YOUR GOAL: Return all of the material that follows, keeping each line exactly as it is.
▽
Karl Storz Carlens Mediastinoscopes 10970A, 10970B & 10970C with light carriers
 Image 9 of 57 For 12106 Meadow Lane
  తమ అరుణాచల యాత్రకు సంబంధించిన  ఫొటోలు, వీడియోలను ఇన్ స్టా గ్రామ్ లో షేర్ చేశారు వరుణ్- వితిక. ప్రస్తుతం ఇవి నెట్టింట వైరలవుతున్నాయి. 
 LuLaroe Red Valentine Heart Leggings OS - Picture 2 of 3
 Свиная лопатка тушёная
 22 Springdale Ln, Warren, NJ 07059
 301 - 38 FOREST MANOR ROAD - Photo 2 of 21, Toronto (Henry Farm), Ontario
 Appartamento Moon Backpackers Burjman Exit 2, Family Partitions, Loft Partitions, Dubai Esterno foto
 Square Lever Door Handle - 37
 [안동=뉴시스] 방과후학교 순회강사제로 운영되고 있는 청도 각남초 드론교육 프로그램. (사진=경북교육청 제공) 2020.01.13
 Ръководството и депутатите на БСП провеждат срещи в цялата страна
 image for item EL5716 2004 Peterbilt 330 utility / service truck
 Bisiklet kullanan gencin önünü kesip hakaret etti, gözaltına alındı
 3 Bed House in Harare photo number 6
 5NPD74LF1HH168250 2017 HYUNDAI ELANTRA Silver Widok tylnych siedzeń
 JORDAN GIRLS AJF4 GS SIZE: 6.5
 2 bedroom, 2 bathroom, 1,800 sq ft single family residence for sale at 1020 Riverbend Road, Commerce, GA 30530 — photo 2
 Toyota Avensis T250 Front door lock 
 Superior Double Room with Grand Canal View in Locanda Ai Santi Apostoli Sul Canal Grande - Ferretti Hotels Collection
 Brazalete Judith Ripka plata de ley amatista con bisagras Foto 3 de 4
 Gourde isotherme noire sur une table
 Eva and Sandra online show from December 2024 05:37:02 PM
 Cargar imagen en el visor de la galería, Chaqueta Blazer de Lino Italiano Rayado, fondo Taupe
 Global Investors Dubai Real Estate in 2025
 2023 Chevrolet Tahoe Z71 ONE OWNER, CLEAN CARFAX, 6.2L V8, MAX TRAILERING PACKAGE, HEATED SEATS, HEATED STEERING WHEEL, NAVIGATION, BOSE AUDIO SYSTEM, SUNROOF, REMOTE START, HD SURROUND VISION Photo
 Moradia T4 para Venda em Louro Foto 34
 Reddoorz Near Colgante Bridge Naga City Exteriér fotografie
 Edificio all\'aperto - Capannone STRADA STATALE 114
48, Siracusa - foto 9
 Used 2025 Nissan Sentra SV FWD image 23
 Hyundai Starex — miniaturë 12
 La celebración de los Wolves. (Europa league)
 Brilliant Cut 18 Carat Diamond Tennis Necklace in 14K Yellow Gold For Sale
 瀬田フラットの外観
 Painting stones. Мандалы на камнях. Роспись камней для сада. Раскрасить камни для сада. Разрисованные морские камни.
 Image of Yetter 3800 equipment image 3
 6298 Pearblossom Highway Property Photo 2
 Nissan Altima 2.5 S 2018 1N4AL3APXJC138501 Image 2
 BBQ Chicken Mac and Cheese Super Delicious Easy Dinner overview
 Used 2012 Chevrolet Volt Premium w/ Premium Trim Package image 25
△
ANSWER TO THIS TASK:
Karl Storz Carlens Mediastinoscopes 10970A, 10970B & 10970C with light carriers
 Image 9 of 57 For 12106 Meadow Lane
  తమ అరుణాచల యాత్రకు సంబంధించిన  ఫొటోలు, వీడియోలను ఇన్ స్టా గ్రామ్ లో షేర్ చేశారు వరుణ్- వితిక. ప్రస్తుతం ఇవి నెట్టింట వైరలవుతున్నాయి. 
 LuLaroe Red Valentine Heart Leggings OS - Picture 2 of 3
 Свиная лопатка тушёная
 22 Springdale Ln, Warren, NJ 07059
 301 - 38 FOREST MANOR ROAD - Photo 2 of 21, Toronto (Henry Farm), Ontario
 Appartamento Moon Backpackers Burjman Exit 2, Family Partitions, Loft Partitions, Dubai Esterno foto
 Square Lever Door Handle - 37
 [안동=뉴시스] 방과후학교 순회강사제로 운영되고 있는 청도 각남초 드론교육 프로그램. (사진=경북교육청 제공) 2020.01.13
 Ръководството и депутатите на БСП провеждат срещи в цялата страна
 image for item EL5716 2004 Peterbilt 330 utility / service truck
 Bisiklet kullanan gencin önünü kesip hakaret etti, gözaltına alındı
 3 Bed House in Harare photo number 6
 5NPD74LF1HH168250 2017 HYUNDAI ELANTRA Silver Widok tylnych siedzeń
 JORDAN GIRLS AJF4 GS SIZE: 6.5
 2 bedroom, 2 bathroom, 1,800 sq ft single family residence for sale at 1020 Riverbend Road, Commerce, GA 30530 — photo 2
 Toyota Avensis T250 Front door lock 
 Superior Double Room with Grand Canal View in Locanda Ai Santi Apostoli Sul Canal Grande - Ferretti Hotels Collection
 Brazalete Judith Ripka plata de ley amatista con bisagras Foto 3 de 4
 Gourde isotherme noire sur une table
 Eva and Sandra online show from December 2024 05:37:02 PM
 Cargar imagen en el visor de la galería, Chaqueta Blazer de Lino Italiano Rayado, fondo Taupe
 Global Investors Dubai Real Estate in 2025
 2023 Chevrolet Tahoe Z71 ONE OWNER, CLEAN CARFAX, 6.2L V8, MAX TRAILERING PACKAGE, HEATED SEATS, HEATED STEERING WHEEL, NAVIGATION, BOSE AUDIO SYSTEM, SUNROOF, REMOTE START, HD SURROUND VISION Photo
 Moradia T4 para Venda em Louro Foto 34
 Reddoorz Near Colgante Bridge Naga City Exteriér fotografie
 Edificio all\'aperto - Capannone STRADA STATALE 114
48, Siracusa - foto 9
 Used 2025 Nissan Sentra SV FWD image 23
 Hyundai Starex — miniaturë 12
 La celebración de los Wolves. (Europa league)
 Brilliant Cut 18 Carat Diamond Tennis Necklace in 14K Yellow Gold For Sale
 瀬田フラットの外観
 Painting stones. Мандалы на камнях. Роспись камней для сада. Раскрасить камни для сада. Разрисованные морские камни.
 Image of Yetter 3800 equipment image 3
 6298 Pearblossom Highway Property Photo 2
 Nissan Altima 2.5 S 2018 1N4AL3APXJC138501 Image 2
 BBQ Chicken Mac and Cheese Super Delicious Easy Dinner overview
 Used 2012 Chevrolet Volt Premium w/ Premium Trim Package image 25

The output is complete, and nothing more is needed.